Exercise aim ▸
Output must consist only of the lines of the material below from the one with "Woman wearing glasses" through the one with "career woman working alone Career", each reproduced exactly; no pictures belong in it.

Supplied data ▸
★ ★ ★ ★ ★

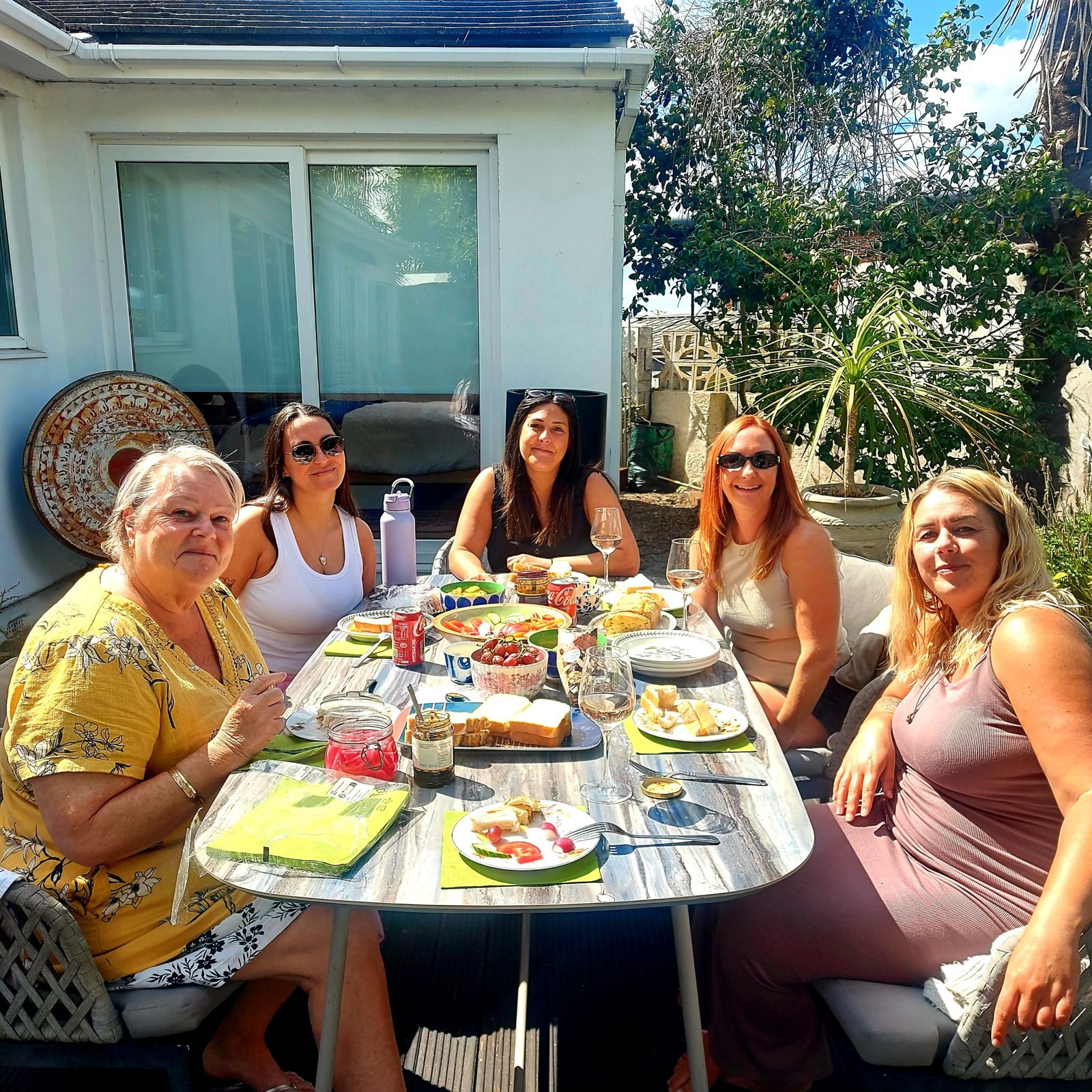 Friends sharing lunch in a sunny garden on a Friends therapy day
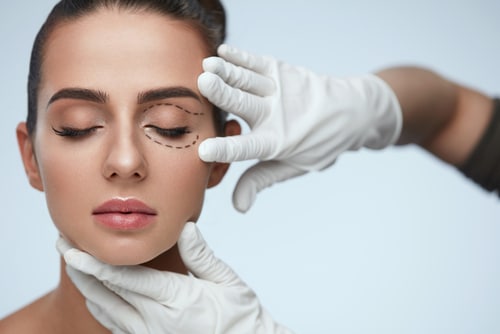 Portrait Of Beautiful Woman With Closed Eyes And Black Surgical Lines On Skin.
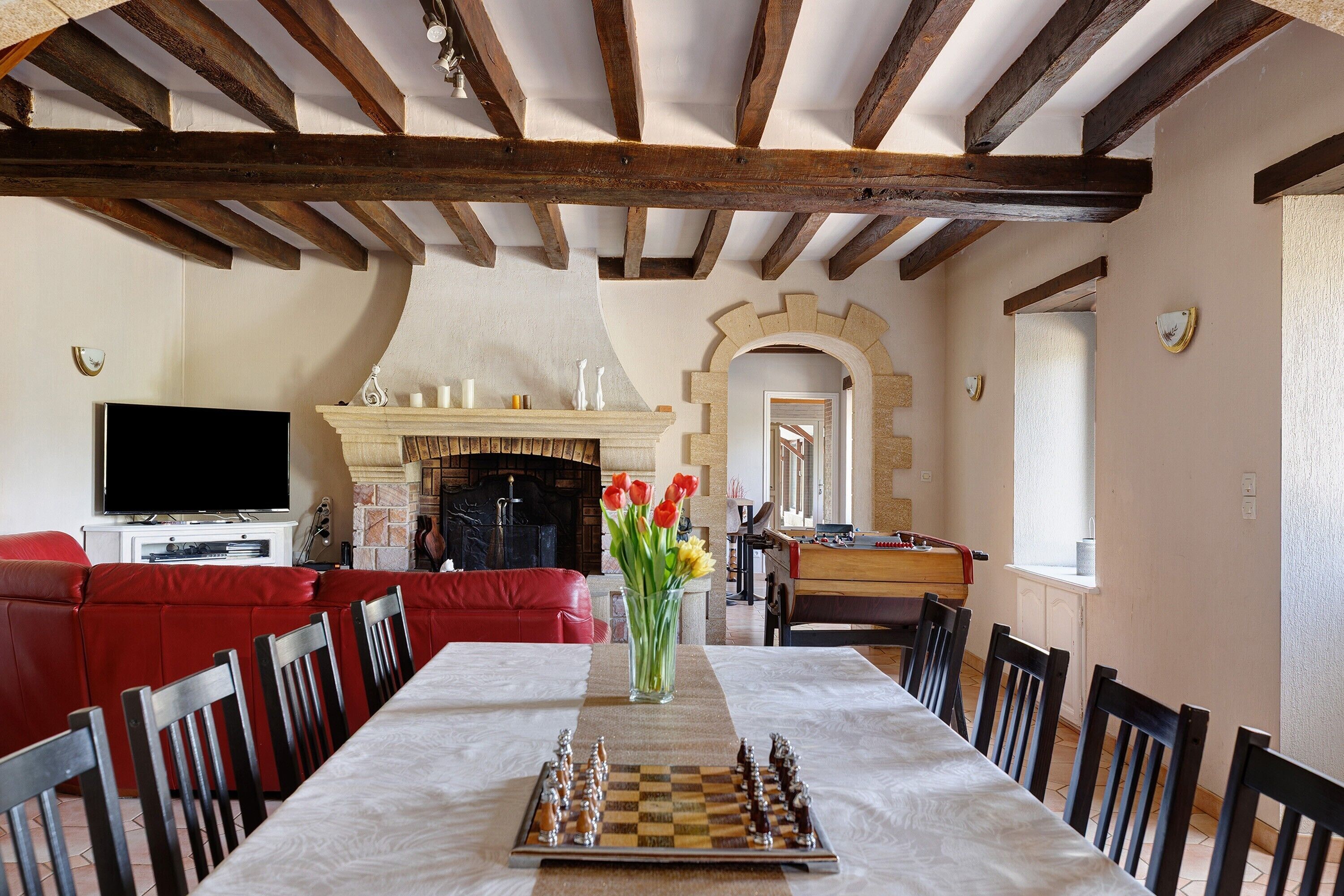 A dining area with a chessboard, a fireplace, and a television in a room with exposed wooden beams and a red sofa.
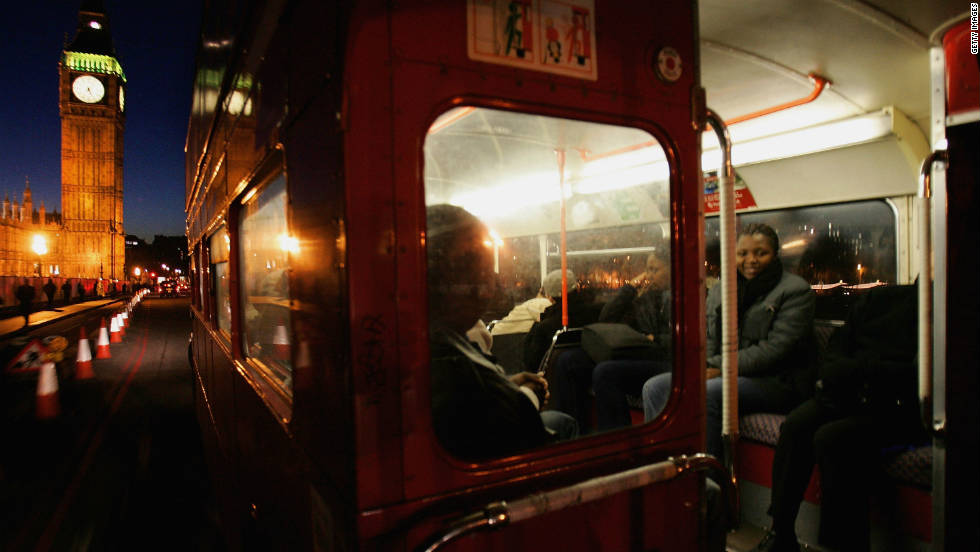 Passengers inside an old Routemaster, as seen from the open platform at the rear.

★ ★ ★ ★ ★

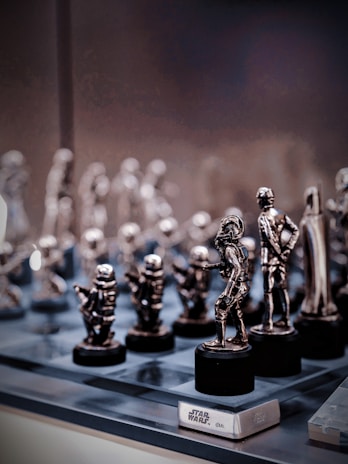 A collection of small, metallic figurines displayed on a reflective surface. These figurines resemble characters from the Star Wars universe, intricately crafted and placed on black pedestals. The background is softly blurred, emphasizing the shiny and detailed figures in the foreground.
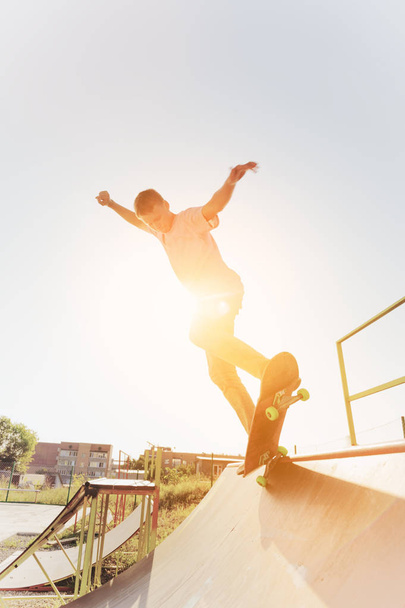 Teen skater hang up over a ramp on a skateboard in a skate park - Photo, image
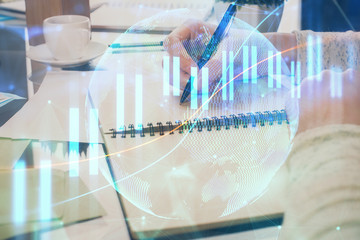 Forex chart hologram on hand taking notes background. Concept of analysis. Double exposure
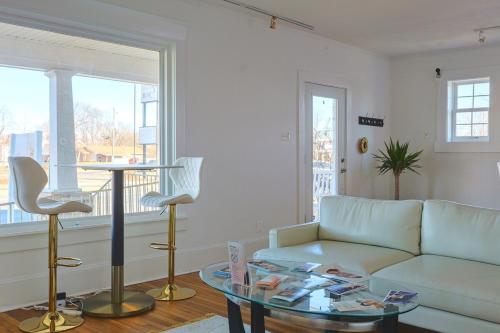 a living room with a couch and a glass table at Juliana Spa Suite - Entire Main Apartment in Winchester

★ ★ ★ ★ ★

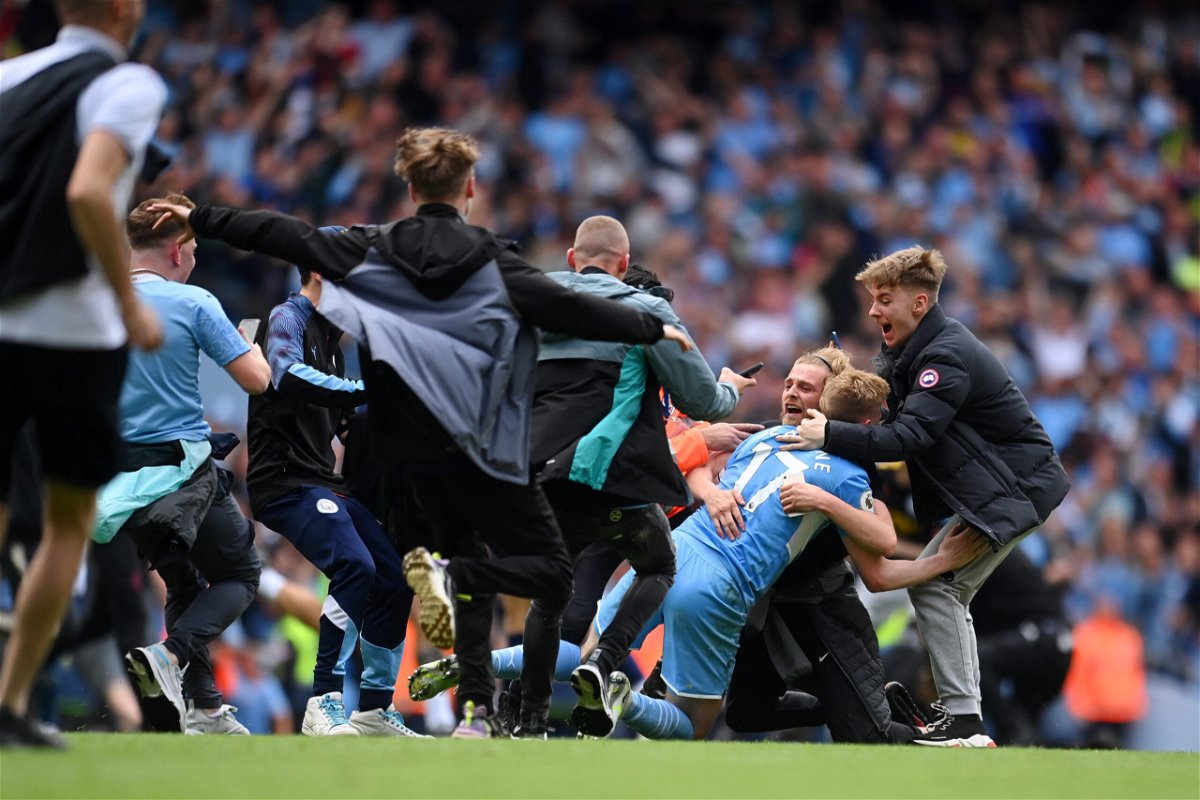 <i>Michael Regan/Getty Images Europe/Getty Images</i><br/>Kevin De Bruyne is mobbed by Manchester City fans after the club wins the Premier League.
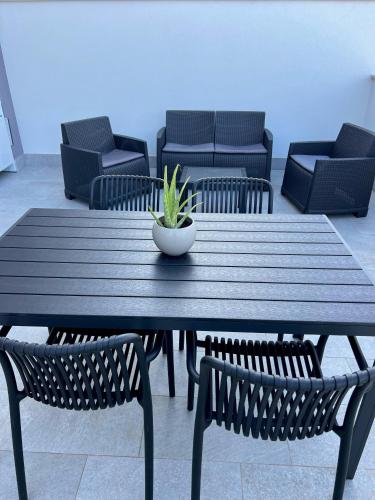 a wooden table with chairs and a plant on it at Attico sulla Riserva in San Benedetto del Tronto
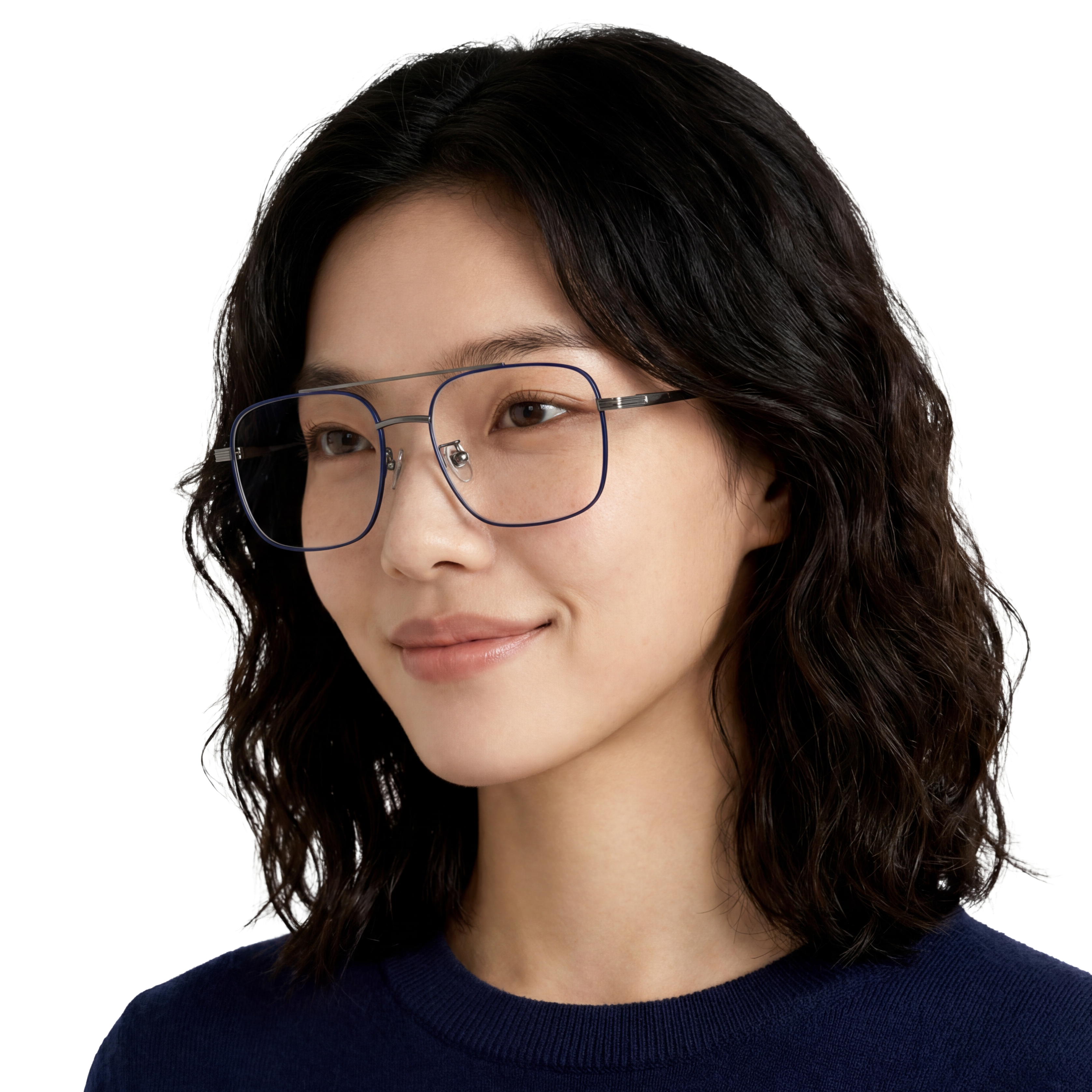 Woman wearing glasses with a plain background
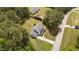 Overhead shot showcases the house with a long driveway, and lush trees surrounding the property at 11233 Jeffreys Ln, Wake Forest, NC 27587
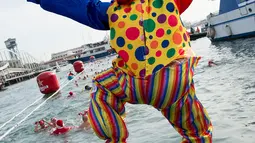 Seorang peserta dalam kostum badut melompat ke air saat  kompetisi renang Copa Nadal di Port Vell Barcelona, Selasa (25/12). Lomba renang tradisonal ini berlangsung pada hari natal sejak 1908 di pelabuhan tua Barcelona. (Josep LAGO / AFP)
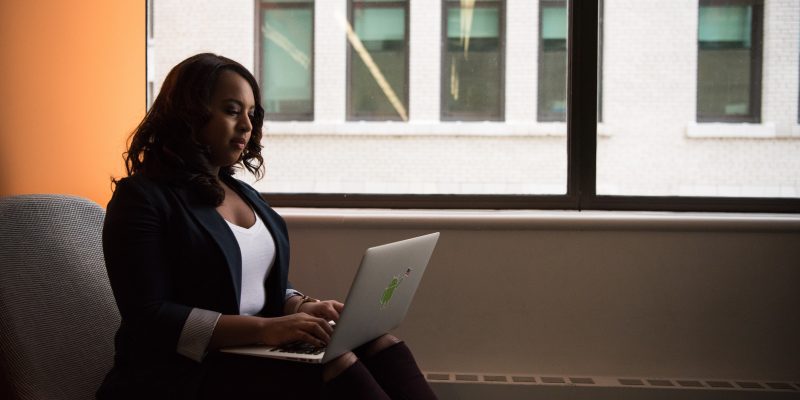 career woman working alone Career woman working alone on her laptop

★ ★ ★ ★ ★

Result of this exercise ▸
 Woman wearing glasses with a plain background
 Overhead shot showcases the house with a long driveway, and lush trees surrounding the property at 11233 Jeffreys Ln, Wake Forest, NC 27587
 Seorang peserta dalam kostum badut melompat ke air saat  kompetisi renang Copa Nadal di Port Vell Barcelona, Selasa (25/12). Lomba renang tradisonal ini berlangsung pada hari natal sejak 1908 di pelabuhan tua Barcelona. (Josep LAGO / AFP)
 career woman working alone Career woman working alone on her laptop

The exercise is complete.